▶ _Work item_
Transcribed word for word, the lines below from the one with "BRIGHTON F352136 RED" through the last line of the records form the answer; no picture is to be included.

▶ _Dataset records_
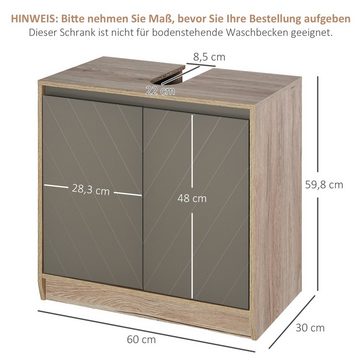HOMCOM Waschbeckenunterschrank Unterschrank (Set, 1-St., Sideboard) Badschrank Badmöbel Unterschrank Grau+Eiche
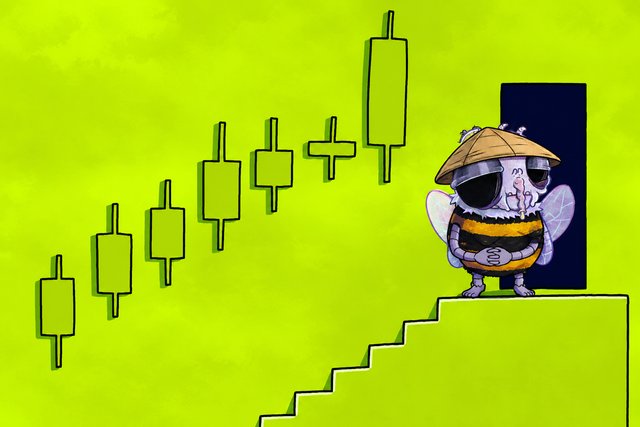 An illustration of a skeletal bee character wearing a conical hat, sunglasses, and holding a sword, standing on steps with a row of candlestick chart patterns shown on the left against a bright green background.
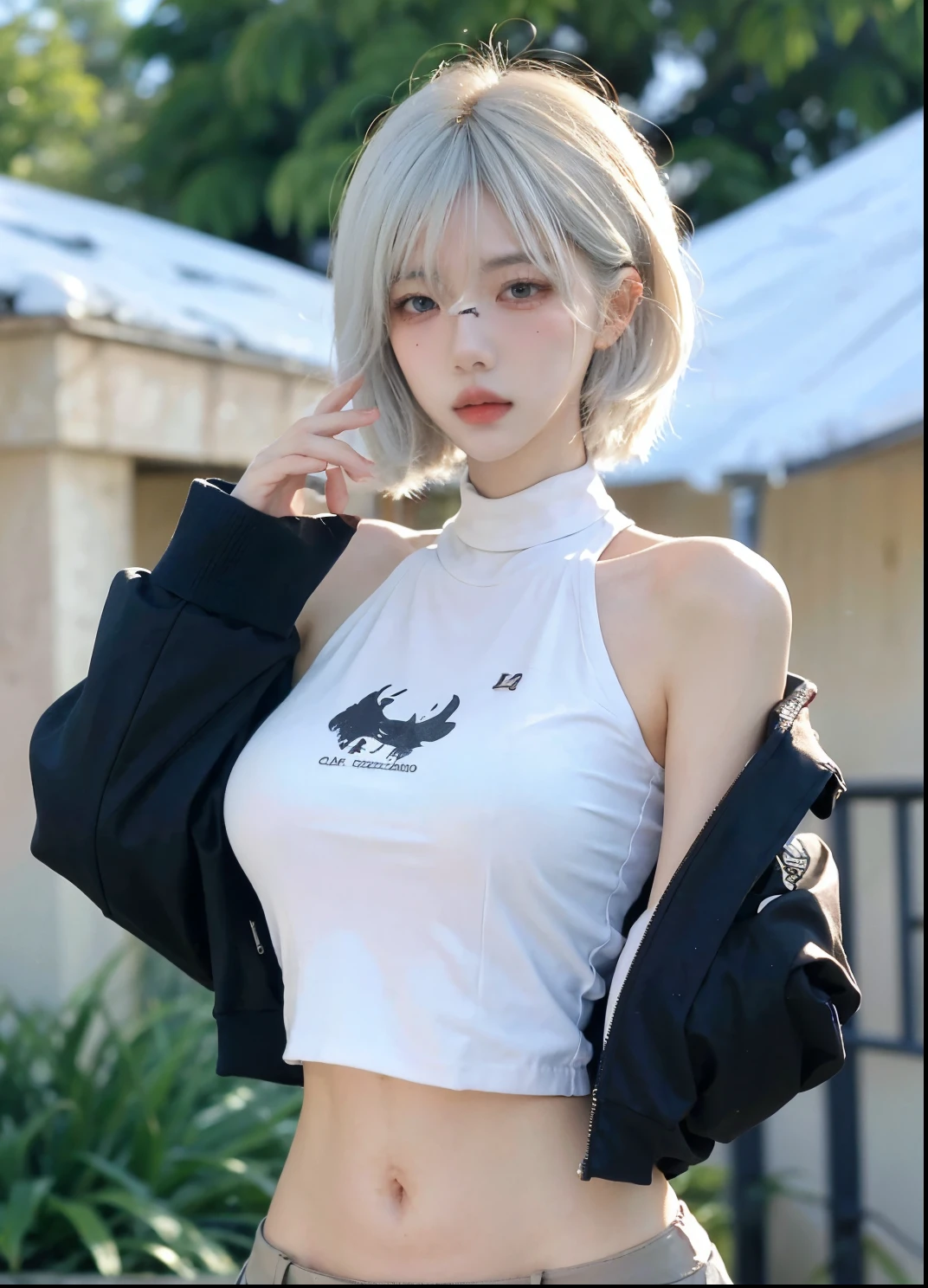 Beautiful woman with perfect figure:1.4,Ultra-high resolution,Put your hands behind your back,Snow background,(Realism:1.4),perspective,Layered hairstyle,Snow white skin,JK:1.5,Super short pleated skirt,whole body:1.4,Very delicate and skin texture,Double eyelids,Skin Whitening,Long hair,White hair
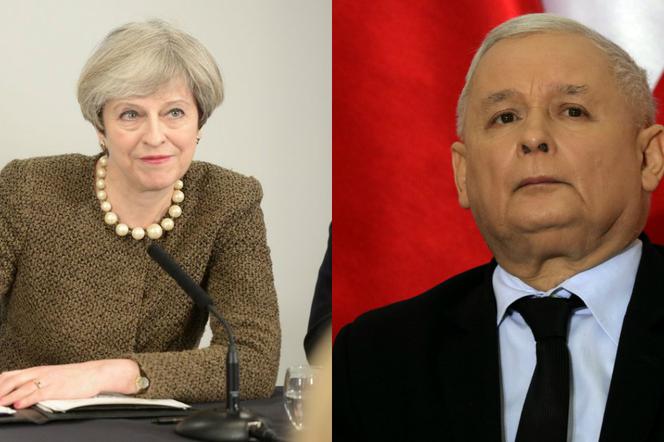 Jarosław Kaczyński, Theresa May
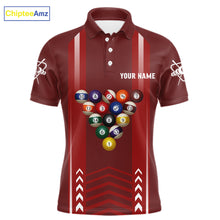 Load image into Gallery viewer, Personalized Red Ball Billiard  Polo &amp; 1/4 Zip Shirt For Men Custom Pool Team Shirt Billiard Jersey NYN2981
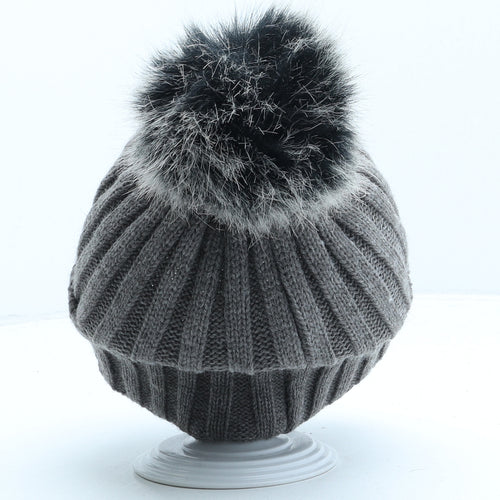 Primark Girls Grey Acrylic Bobble Hat One Size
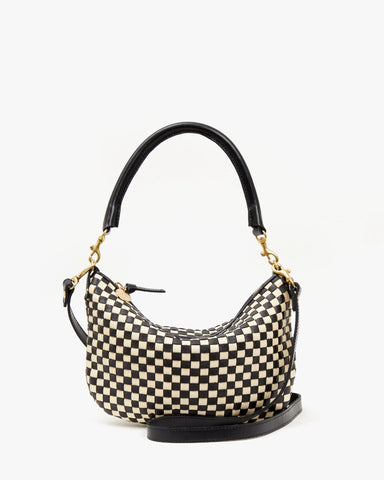 Clare V. Petit Moyen Messenger Handbag in Black/Cream Woven Checker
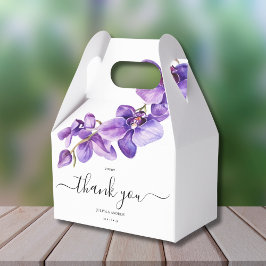 Paarse Orchidee in wit script bruiloft Favor Box Bedankdoosjes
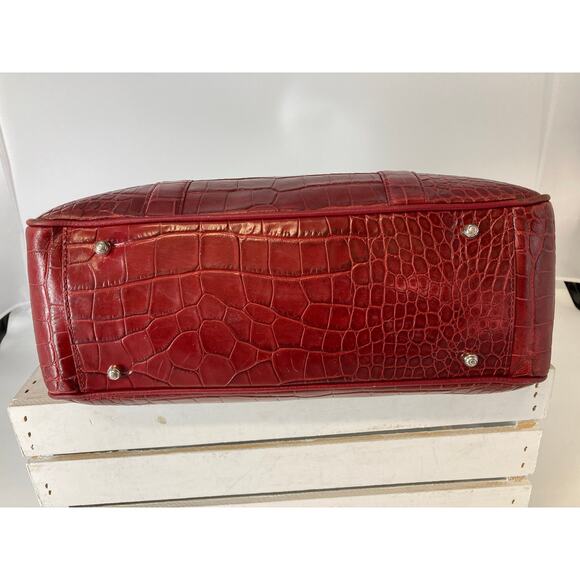 BRIGHTON F352136 RED LEATHER EMBOSSED ANIMAL PRINT HANDBAG - Picture 6 of 16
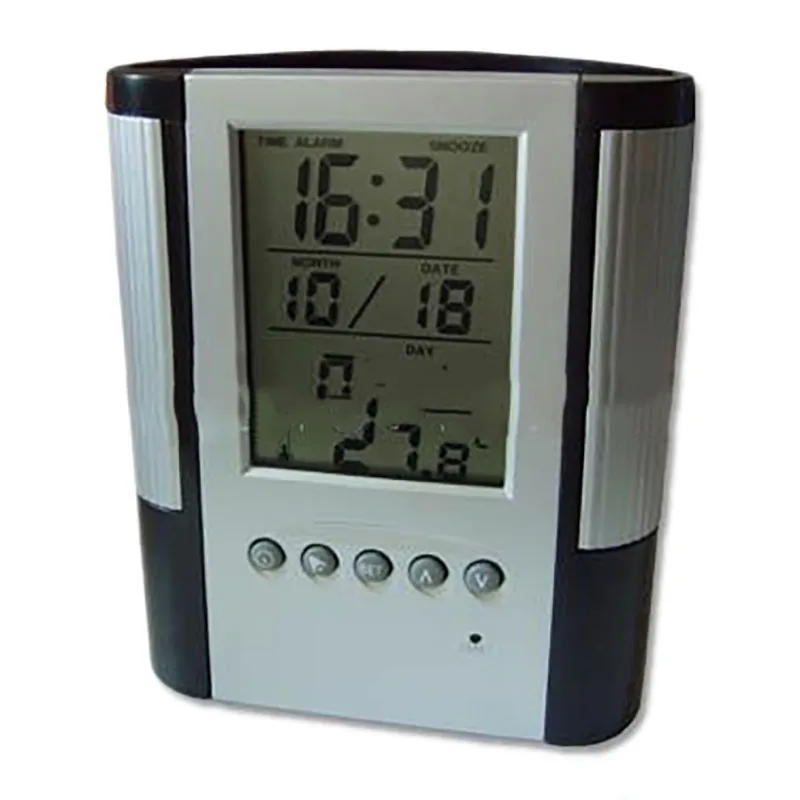 @@HUND- Calendar Pen Holder with LCD Display Digital Clock Pen Holder Suitable for Bedroom / Desk Decoration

▶ _Solution for this exercise_
 BRIGHTON F352136 RED LEATHER EMBOSSED ANIMAL PRINT HANDBAG - Picture 6 of 16
 @@HUND- Calendar Pen Holder with LCD Display Digital Clock Pen Holder Suitable for Bedroom / Desk Decoration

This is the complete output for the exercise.